Fiat scala marcia: la Cina toglie dal tavolo la carta degli incentivi e il gioco si fa duro
Fiat cambia direzione in Piazza Affari insieme al comparto auto europeo. Il titolo del Lingotto, dopo una partenza all’insegna del denaro, accusa una battuta d’arresto: adesso cede lo 0,89% scivolando a 14,50 euro dopo aver toccato un massimo a 15,02 euro. In Borsa è rimbalzata la notizia dello stop degli incentivi auto in Cina e la festa per il comparto automotive è finita. Il motivo è semplice: se la domanda di auto in Europa non si è mai messa in moto quest’anno, lo stesso non si può dire per la Cina.
I dati diffusi dalla Caam, l’associazione cinese dei costruttori di auto, non lasciano spazio alla fantasia. Solo nel mese di novembre le vendite di auto nel Paese asiatico hanno registrato un balzo del 29,3% rispetto ad ottobre e del 27,1% rispetto allo stesso mese del 2009. E’ solo l’ultimo rialzo di una lunga serie, anche se il salto di novembre è quello più consistente dallo scorso aprile. “Sono numeri che la dicono lunga sulla corsa dei costruttori di auto europei ed americani a ritagliarsi un sito produttivo nel paese asiatico”, segnalano nelle sale operative.
“Lo stop degli incentivi cinesi era cosa nota e pertanto i consumatori hanno per tempo effettuato i loro acquisiti prima del termine, come già successo altrove in altri Paesi. Questo ha spinto a una forte vendita di autovetture nel mese di novembre”, commentano gli analisti di Goldman Sachs in un abstract raccolto da Finanza.com. “Gli incentivi sono stati sfruttati dai consumatori cinesi per acquisire le auto di cilindrata più piccola. Sotto questo punto di vista, qualsiasi impatto potrebbe quindi non essere davvero così indicativo per il settore automotive”.
“Abbiamo parlato con Volkswagen questa mattina durante una nostra conferenza. La cronaca in diretta è stata incentrata sugli impianti produttivi che, nonostante siano stati interessati da un incremento della produzione, non sembra essere abbastanza in quanto alla VW prevedono che la domanda supererà ancora l’offerta per i prossimi tre anni. Attualmente i magazzini in Cina di Volkswagen sono vuoti e nel miglior dei casi per alcuni modelli del gruppo tedesco c’è una lista d’attesa di oltre sei mesi”, aggiungono gli esperti. E dal punto di vista operativo come comportarsi? “Abbiamo assistito a prese di profitto nell’ultima settimana e il venire meno degli incentivi potrebbe far pensare a un picco nel breve termine. Giudicando però il tono della conferenza di questa mattina, questo scenario potrebbe non avverarsi dal momento che la domanda sembra resterà molto forte”.

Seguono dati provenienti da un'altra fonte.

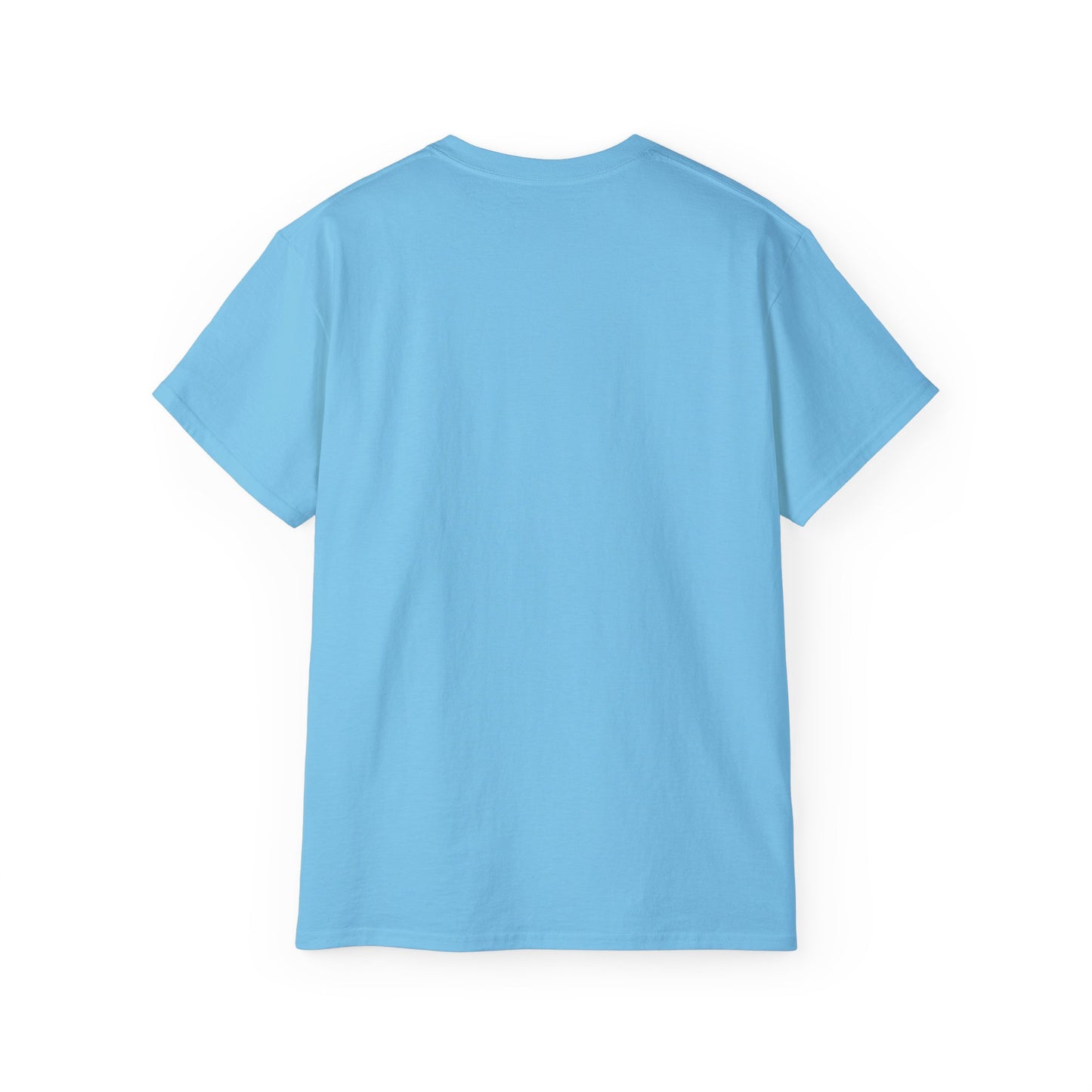 RBT Halloween Tee with RBT Design, Spooky ABA Shirt, Trick or Treat Tee, Festive Gift Idea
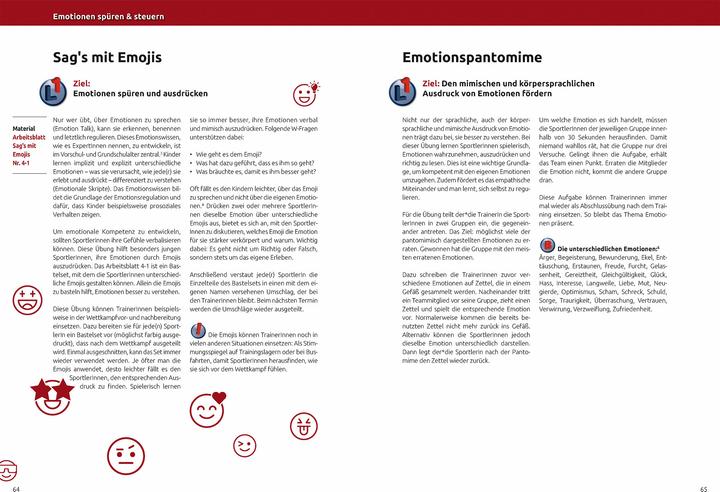 Produktbild Mentales Training im Leistungssport - Teil 2 (Deutsch, Kai Engbert, Tom Kossak, 2021)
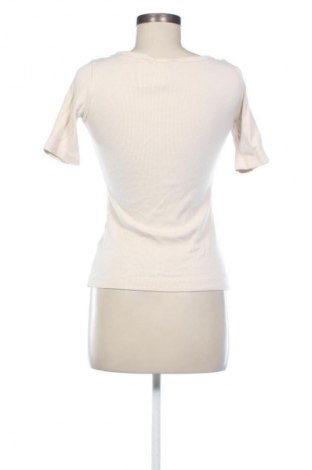Bluză de femei H&M, Mărime S, Culoare Bej, Preț 67,34 Lei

Non è un certamente un caso se General Motors, Volkswagen, Audi sono solo alcune delle società automobilistiche che hanno aperto impianti in Cina. E la lista potrebbe allungarsi. Da qualche tempo in Borsa si vocifera che potrebbe farsi largo addirittura un futuro cinese persino per lo stabilimento Fiat di Termini Imerese in Sicilia, nonostante le proteste degli operai e le dichiarazioni di nessun interesse da parte di alcuno della dirigenza Fiat.
Dall’altra parte che Fiat stia stringendo i tempi sui progetti cinesi è evidente. Lorenzo Stintino è ormai in missione quasi permanente nel paese asiatico. Il responsabile delle attività internazionali del gruppo di Torino sempre più spesso è in Asia. Il motivo? Accelerare i tempi dei nuovi piani di lavoro. E in attesa delle novità sul fronte asiatico, l’Ad di Fiat Sergio Marchionne fa chiarezza su un altro punto: il dossier Cnh. “Non abbiamo intenzione di vendere Cnh Global”, ha detto a chiare lettere il top manager italo canadese. “Cnh per noi -ha continuato Marchionne- rappresenta un grande business”. Le dichiarazioni fanno riferimento alle parole di Martin Richenhagen, Ceo di Agco, che nel corso di un’intervista aveva detto di avere allo studio il dossier Cnh.